## EXERCISE DIRECTIONS
Find, in the records below, the line that contains "Dual Moving Magnet" and the line that contains "Utaka Cabanas Y". Copy those two lines and everything between them exactly, but not the pictures.

## RECORDS FOR THE EXERCISE
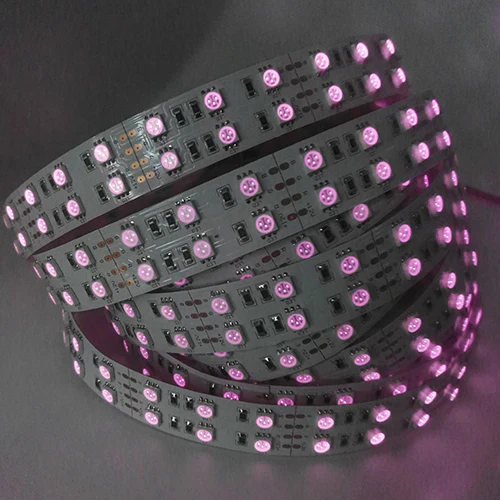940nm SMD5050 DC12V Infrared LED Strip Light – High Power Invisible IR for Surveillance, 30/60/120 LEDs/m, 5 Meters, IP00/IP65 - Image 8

==

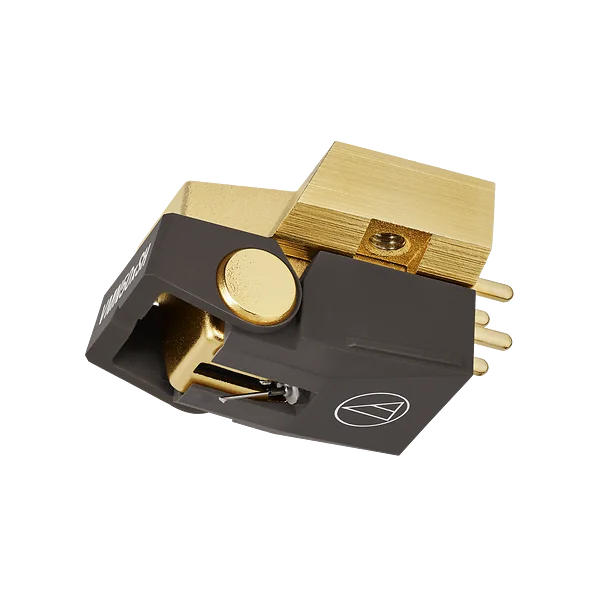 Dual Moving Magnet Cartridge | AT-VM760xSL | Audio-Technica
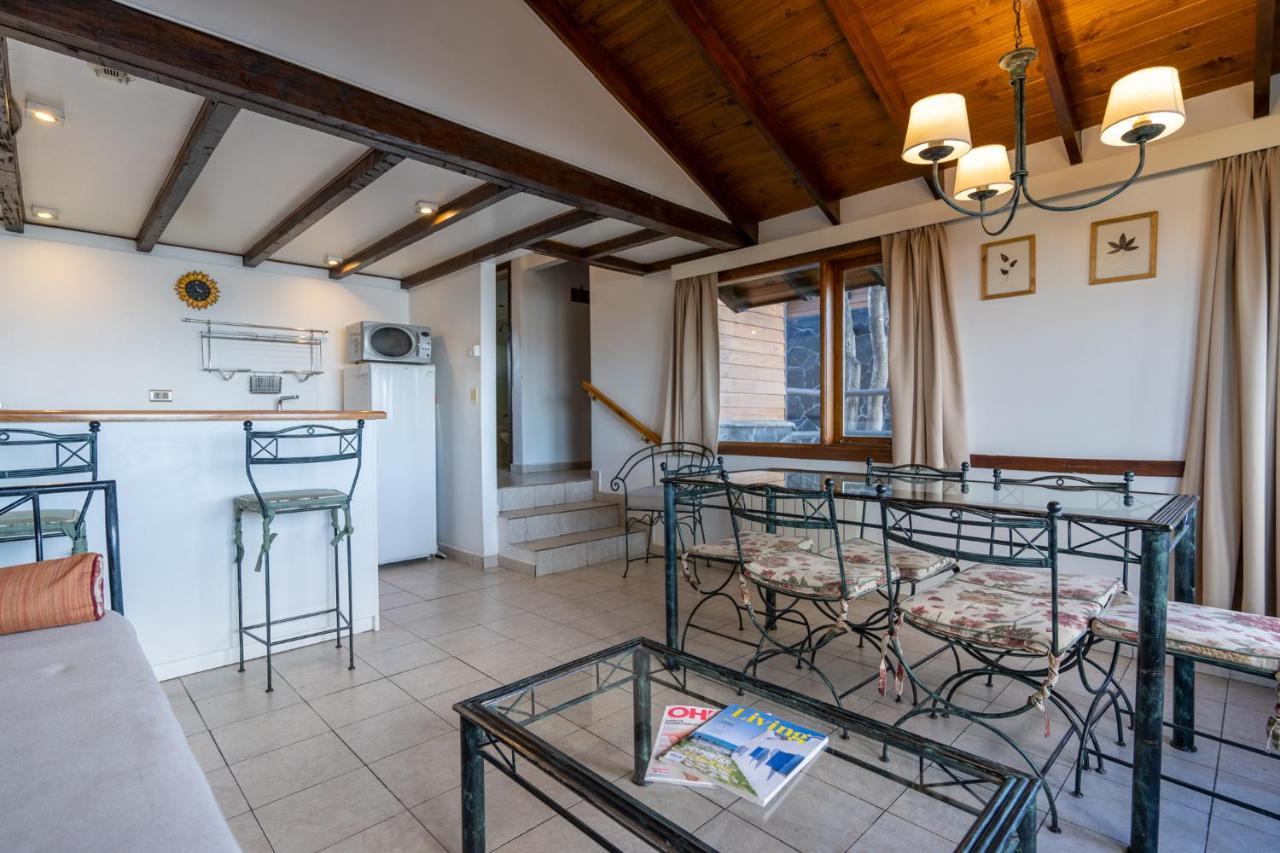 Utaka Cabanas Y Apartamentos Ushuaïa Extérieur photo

--

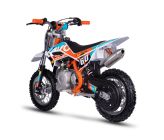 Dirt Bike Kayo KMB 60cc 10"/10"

## EXERCISE ANSWER
 Dual Moving Magnet Cartridge | AT-VM760xSL | Audio-Technica
 Utaka Cabanas Y Apartamentos Ushuaïa Extérieur photo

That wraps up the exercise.